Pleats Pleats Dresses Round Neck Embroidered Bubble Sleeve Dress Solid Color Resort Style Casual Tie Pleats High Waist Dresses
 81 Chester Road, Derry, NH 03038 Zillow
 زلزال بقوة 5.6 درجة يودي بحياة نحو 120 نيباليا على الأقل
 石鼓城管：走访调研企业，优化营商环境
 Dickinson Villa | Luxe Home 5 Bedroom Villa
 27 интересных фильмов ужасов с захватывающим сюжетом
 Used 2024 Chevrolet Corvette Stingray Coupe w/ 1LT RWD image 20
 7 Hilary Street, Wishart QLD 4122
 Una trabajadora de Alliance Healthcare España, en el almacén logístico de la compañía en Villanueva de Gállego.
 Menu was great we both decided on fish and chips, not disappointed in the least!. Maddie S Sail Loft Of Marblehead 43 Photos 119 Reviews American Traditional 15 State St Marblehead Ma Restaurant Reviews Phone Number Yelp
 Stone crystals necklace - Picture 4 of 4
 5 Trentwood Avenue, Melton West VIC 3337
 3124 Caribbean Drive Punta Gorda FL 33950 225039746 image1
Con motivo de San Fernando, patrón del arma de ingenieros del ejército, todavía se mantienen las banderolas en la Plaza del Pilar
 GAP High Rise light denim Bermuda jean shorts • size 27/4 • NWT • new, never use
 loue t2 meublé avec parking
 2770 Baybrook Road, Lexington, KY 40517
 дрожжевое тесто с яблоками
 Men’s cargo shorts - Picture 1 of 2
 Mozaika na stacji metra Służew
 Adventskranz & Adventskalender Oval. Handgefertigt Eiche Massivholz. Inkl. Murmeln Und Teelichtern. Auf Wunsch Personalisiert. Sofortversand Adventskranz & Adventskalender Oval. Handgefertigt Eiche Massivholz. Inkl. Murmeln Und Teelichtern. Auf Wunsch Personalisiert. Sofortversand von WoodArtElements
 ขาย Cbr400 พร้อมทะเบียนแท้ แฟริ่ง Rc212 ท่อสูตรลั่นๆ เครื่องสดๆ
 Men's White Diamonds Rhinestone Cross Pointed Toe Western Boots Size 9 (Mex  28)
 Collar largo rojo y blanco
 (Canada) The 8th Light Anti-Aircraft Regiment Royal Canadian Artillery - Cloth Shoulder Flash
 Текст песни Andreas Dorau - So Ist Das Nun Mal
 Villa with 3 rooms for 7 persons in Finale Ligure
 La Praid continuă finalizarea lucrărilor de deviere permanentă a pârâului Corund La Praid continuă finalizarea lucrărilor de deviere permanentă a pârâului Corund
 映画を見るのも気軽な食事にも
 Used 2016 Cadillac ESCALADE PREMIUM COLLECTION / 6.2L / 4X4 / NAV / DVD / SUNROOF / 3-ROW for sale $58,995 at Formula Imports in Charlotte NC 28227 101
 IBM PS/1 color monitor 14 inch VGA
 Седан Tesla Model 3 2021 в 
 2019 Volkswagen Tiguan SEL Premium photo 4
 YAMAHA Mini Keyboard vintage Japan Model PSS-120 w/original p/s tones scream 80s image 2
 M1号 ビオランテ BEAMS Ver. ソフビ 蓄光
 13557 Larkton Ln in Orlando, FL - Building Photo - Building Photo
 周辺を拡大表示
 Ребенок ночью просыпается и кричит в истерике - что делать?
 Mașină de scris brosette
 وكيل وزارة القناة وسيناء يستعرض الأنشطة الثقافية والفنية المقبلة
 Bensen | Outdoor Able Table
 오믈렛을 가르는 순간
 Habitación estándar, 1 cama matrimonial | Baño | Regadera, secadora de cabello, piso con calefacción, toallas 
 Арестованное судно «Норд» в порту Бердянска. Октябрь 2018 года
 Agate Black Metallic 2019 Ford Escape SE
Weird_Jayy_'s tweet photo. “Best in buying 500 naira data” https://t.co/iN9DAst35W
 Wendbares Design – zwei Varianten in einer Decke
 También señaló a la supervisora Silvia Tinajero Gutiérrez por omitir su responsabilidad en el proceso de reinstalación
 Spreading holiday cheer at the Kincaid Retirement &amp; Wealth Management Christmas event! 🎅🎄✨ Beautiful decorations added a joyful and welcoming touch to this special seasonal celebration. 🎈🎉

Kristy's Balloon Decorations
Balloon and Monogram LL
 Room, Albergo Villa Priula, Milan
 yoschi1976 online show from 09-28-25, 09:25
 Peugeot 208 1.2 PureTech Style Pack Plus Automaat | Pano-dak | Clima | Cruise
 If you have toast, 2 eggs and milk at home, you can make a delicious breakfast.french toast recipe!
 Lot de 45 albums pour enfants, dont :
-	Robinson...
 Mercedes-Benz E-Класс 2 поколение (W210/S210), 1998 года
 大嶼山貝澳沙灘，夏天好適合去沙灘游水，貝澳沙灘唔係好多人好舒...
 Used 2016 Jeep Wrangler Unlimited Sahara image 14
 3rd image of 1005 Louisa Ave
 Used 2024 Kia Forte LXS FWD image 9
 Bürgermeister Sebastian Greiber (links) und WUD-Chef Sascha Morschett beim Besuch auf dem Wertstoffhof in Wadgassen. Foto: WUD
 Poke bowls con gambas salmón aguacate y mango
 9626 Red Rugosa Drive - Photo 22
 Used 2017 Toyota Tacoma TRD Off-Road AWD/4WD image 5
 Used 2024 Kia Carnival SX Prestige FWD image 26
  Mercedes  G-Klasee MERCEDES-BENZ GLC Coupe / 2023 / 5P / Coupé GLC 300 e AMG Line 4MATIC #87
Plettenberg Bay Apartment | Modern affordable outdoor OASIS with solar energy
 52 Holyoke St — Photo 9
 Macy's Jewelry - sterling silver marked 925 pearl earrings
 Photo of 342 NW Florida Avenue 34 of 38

> Try it
Scan the records above and count the lines that contain "Drive". No text besides the count.

> Your response
2